CloudConfig is the single object that configures where and how a job runs — cloud provider, credentials, VM type, region, storage, and spot settings. It's used in the Python SDK (@anycloud.function(), Client.submit()) and maps to the inline flags accepted by the CLI.

See CloudConfig Parameters for the full parameter table.

Credential Resolution

anycloud resolves credentials in this order:

  1. Explicit object — pass a credential object directly (e.g., AWSCredentials(...))
  2. By name — pass a string name (e.g., "azure2") to look up credentials saved in the local anycloud API database
  3. Auto-select — if only one credential set exists, it's used automatically
from anycloud.types import CloudConfig, AWSCredentials

# Explicit object — highest precedence
cc = CloudConfig(
credentials=AWSCredentials(accessKeyId="AKIA...", secretAccessKey="..."),
)

# By name — resolved from saved credentials
cc = CloudConfig(credentials="azure2")

# Auto-select — omit credentials entirely when you have only one set
cc = CloudConfig(vm_type="t3.medium")

When using Client(cloud_config=cc), the client-level config applies to all submits unless overridden per-submit.

GPU Type vs VM Type

There are two ways to specify what hardware your job runs on:

  • gpu (CLI --gpu-type) — specify by GPU name (e.g., h100, a100:8); anycloud resolves it to the right instance type for your cloud. It's a submit-level argument — submit(gpu=…) / @anycloud.function(gpu=…) — not a CloudConfig field. Use it when you care about the GPU, not the specific VM.
  • vm_type (CLI --vm-type) — the exact cloud instance type (e.g., g6e.xlarge, Standard_NC6s_v3), a CloudConfig field. Use it when you need a specific instance or a CPU-only VM.

They are mutually exclusive — set one or the other, not both.

# GPU type — anycloud picks the best instance
cc = CloudConfig(credentials="my-aws", spot=True)
job = ac.submit("train:latest", cloud_config=cc, gpu="h100:8")

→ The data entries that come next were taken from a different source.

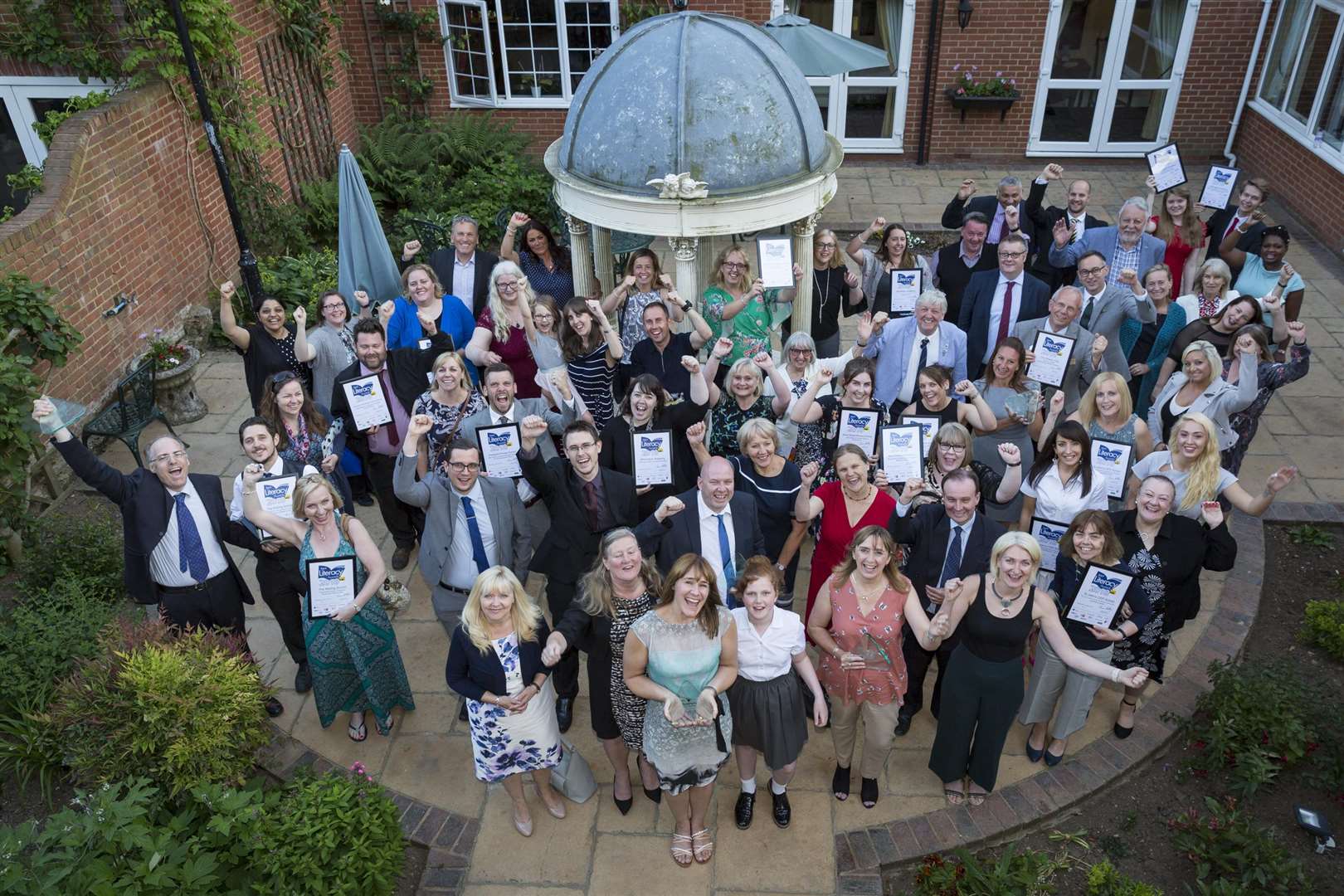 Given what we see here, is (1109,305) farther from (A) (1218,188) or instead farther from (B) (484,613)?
(B) (484,613)

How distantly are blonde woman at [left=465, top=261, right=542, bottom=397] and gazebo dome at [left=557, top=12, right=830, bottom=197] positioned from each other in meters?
1.40

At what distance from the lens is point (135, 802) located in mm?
4758

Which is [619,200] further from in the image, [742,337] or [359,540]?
[359,540]

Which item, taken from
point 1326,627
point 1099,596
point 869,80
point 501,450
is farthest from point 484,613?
point 869,80

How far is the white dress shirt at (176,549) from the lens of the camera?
5.57 metres

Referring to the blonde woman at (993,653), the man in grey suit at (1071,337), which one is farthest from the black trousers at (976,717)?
the man in grey suit at (1071,337)

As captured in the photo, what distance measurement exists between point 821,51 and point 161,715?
394 inches

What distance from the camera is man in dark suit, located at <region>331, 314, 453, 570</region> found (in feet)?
22.6

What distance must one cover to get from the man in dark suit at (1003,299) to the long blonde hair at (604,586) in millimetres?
3772

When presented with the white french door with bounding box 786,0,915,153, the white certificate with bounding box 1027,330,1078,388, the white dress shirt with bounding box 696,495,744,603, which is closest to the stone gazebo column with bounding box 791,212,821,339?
the white certificate with bounding box 1027,330,1078,388

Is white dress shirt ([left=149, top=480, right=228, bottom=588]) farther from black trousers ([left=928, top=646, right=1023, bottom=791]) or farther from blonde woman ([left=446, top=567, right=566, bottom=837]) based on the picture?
black trousers ([left=928, top=646, right=1023, bottom=791])

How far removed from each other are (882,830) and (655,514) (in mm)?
2221

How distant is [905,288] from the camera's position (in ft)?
24.8

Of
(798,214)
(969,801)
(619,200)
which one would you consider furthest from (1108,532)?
(619,200)
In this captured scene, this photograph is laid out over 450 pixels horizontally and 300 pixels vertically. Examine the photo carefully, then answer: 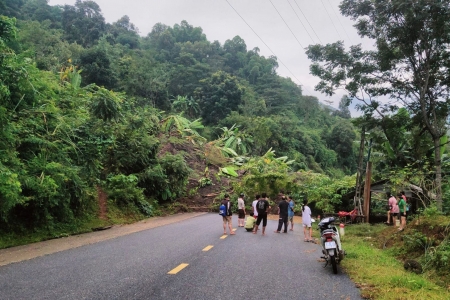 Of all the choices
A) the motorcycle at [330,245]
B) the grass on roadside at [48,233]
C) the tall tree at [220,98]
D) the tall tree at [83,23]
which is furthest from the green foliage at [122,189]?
the tall tree at [83,23]

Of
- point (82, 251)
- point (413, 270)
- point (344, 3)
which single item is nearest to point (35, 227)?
point (82, 251)

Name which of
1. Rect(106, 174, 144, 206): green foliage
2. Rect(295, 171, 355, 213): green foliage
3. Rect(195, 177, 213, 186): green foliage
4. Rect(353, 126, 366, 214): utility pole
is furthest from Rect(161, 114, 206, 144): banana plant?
Rect(353, 126, 366, 214): utility pole

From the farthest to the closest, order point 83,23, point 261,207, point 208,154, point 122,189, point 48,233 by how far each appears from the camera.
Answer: point 83,23 → point 208,154 → point 122,189 → point 261,207 → point 48,233

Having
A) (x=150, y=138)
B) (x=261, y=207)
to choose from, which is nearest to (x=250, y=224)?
(x=261, y=207)

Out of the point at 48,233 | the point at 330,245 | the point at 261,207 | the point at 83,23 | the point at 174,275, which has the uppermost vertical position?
the point at 83,23

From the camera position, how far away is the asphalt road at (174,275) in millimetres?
→ 5477

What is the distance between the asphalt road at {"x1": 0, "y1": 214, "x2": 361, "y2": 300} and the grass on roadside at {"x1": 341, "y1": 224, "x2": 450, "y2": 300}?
29cm

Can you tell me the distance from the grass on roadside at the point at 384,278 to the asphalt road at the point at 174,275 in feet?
0.95

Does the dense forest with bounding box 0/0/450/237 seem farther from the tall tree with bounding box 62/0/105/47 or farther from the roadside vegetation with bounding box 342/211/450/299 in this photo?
the tall tree with bounding box 62/0/105/47

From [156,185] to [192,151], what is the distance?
38.7 feet

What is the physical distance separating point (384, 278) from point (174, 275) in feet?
12.6

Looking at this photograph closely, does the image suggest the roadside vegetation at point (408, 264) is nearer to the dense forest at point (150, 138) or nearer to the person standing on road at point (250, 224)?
the dense forest at point (150, 138)

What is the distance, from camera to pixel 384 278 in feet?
21.6

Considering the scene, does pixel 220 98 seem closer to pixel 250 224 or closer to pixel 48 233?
pixel 250 224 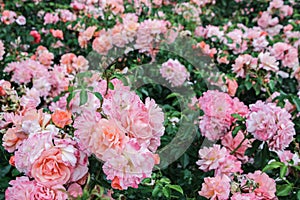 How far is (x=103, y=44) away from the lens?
9.43 feet

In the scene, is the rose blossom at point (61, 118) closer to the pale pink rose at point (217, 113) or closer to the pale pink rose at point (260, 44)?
the pale pink rose at point (217, 113)

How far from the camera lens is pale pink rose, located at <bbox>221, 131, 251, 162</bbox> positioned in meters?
1.79

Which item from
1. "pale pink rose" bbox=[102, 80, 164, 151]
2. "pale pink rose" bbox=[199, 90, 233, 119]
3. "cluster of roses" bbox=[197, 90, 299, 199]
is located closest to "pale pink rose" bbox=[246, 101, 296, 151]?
"cluster of roses" bbox=[197, 90, 299, 199]

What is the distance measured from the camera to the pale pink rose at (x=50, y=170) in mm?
1173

# VM type — you pick the exact instance
cc = CloudConfig(credentials="my-aws", vm_type="t3.medium", region="us-west-2")
job = ac.submit("app:latest", cloud_config=cc)

CLI equivalents:

# By GPU type
anycloud submit my-training:latest --credentials my-aws --gpu-type h100 --spot --gpus all

# By VM type
anycloud submit my-app:latest --credentials my-aws --vm-type t3.medium

Config Variants with replace()

CloudConfig.replace() creates a new config with selected fields changed, without repeating shared fields:

base = CloudConfig(
credentials="azure2",
vm_type="Standard_NC16as_T4_v3",
spot=True,
disk_size_gb=400,
input_bucket="eval-data",
output_bucket="eval-results",
)

# Same config but different region
west = base.replace(region="westus2")

# Same config but on-demand instead of spot
on_demand = base.replace(spot=False)

# Different cloud entirely
gcp = base.replace(credentials="gcp-prod", vm_type="n1-standard-8")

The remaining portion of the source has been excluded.